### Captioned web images
^^^^^^^^^^^^^^^^
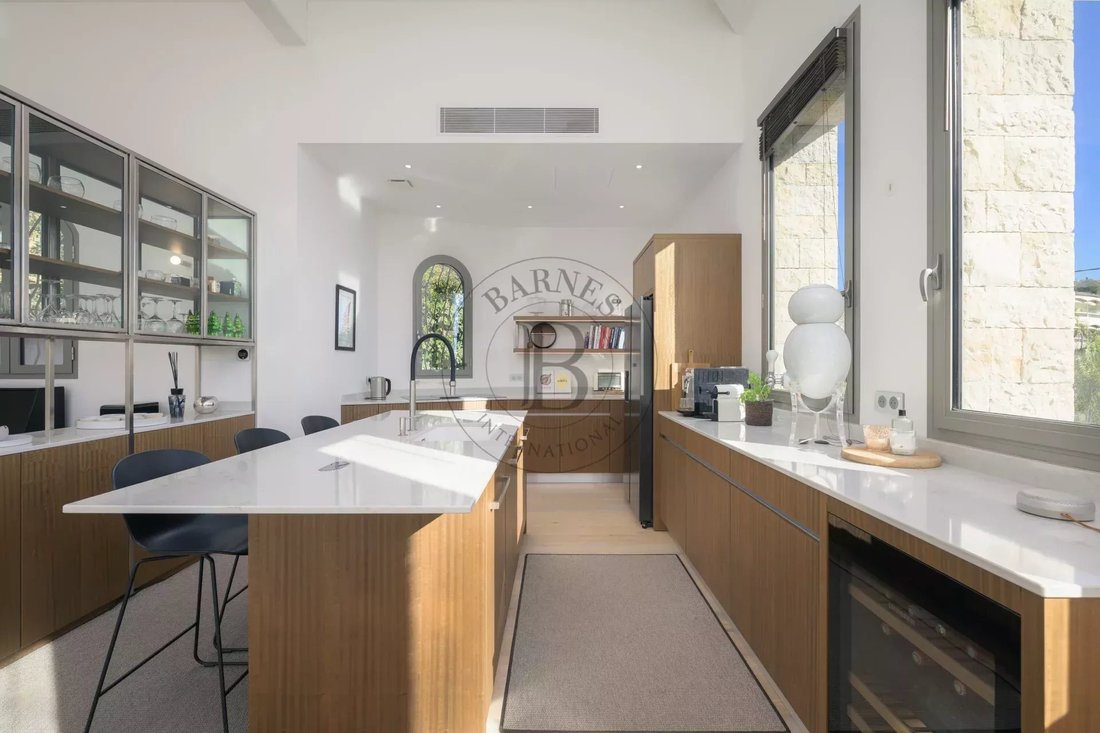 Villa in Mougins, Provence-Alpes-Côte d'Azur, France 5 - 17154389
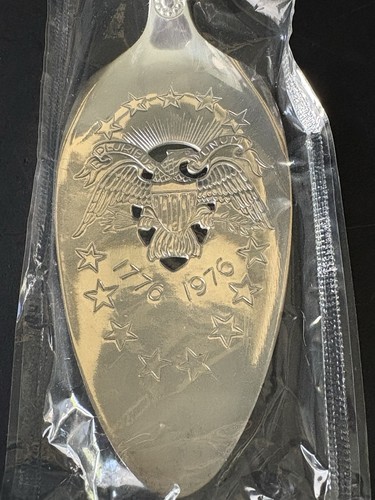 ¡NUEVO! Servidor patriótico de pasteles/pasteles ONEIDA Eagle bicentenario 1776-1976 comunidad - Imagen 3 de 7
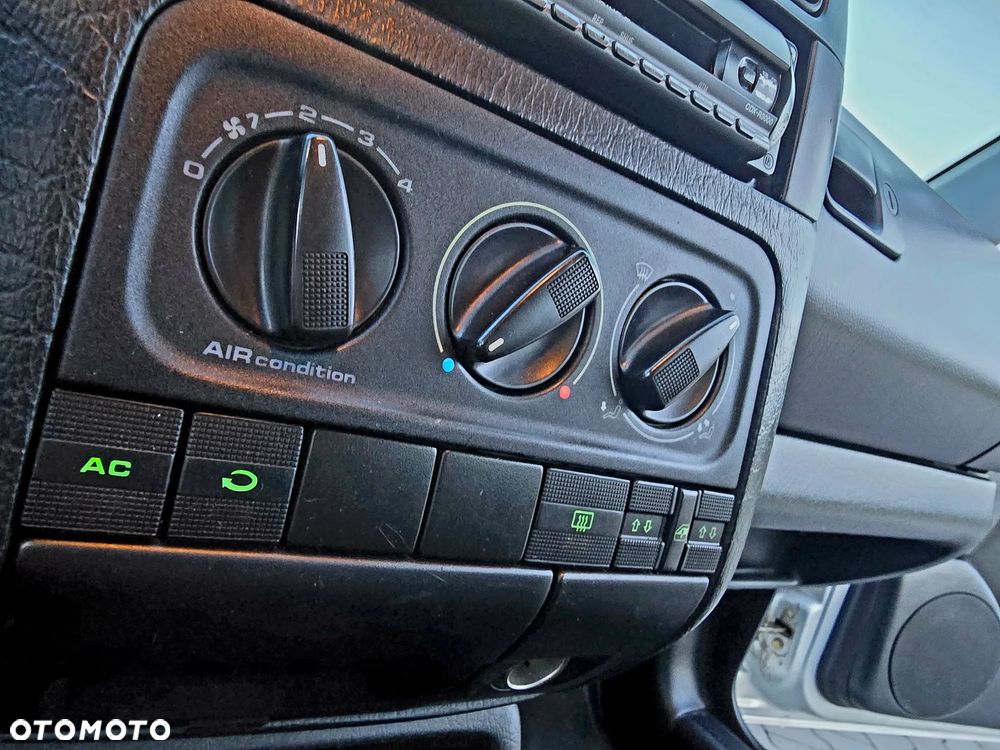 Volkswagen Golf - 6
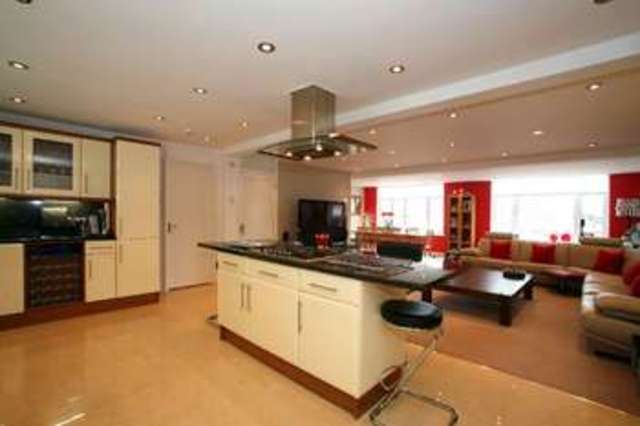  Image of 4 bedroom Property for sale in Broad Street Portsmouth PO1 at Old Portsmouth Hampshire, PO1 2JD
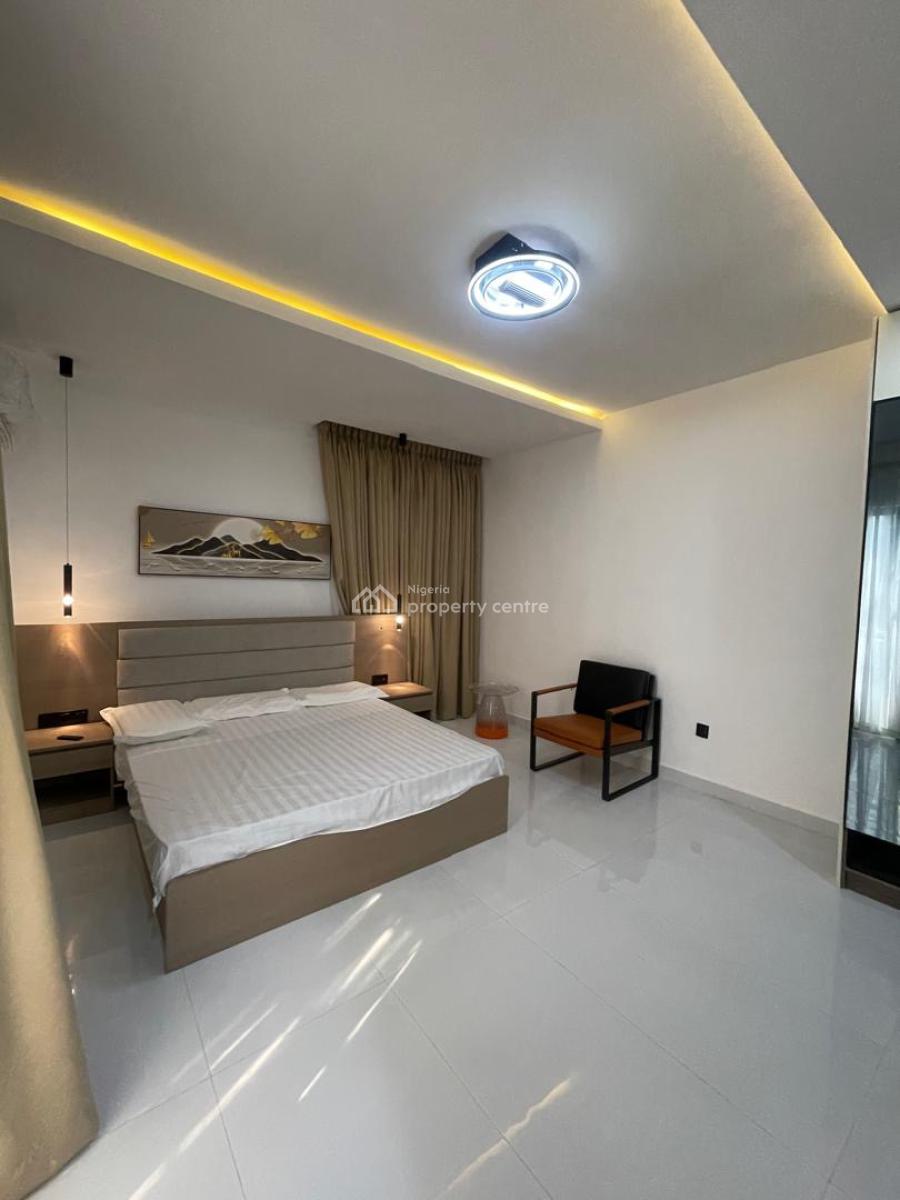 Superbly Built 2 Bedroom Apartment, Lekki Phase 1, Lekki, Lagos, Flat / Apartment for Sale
^^^^^^^^^^^^^^^^
### Task instructions
Output exactly and only the lines from the line containing "Volkswagen Golf - 6" to the end of the entries, both included, and omit every picture.

### Response
 Volkswagen Golf - 6
  Image of 4 bedroom Property for sale in Broad Street Portsmouth PO1 at Old Portsmouth Hampshire, PO1 2JD
 Superbly Built 2 Bedroom Apartment, Lekki Phase 1, Lekki, Lagos, Flat / Apartment for Sale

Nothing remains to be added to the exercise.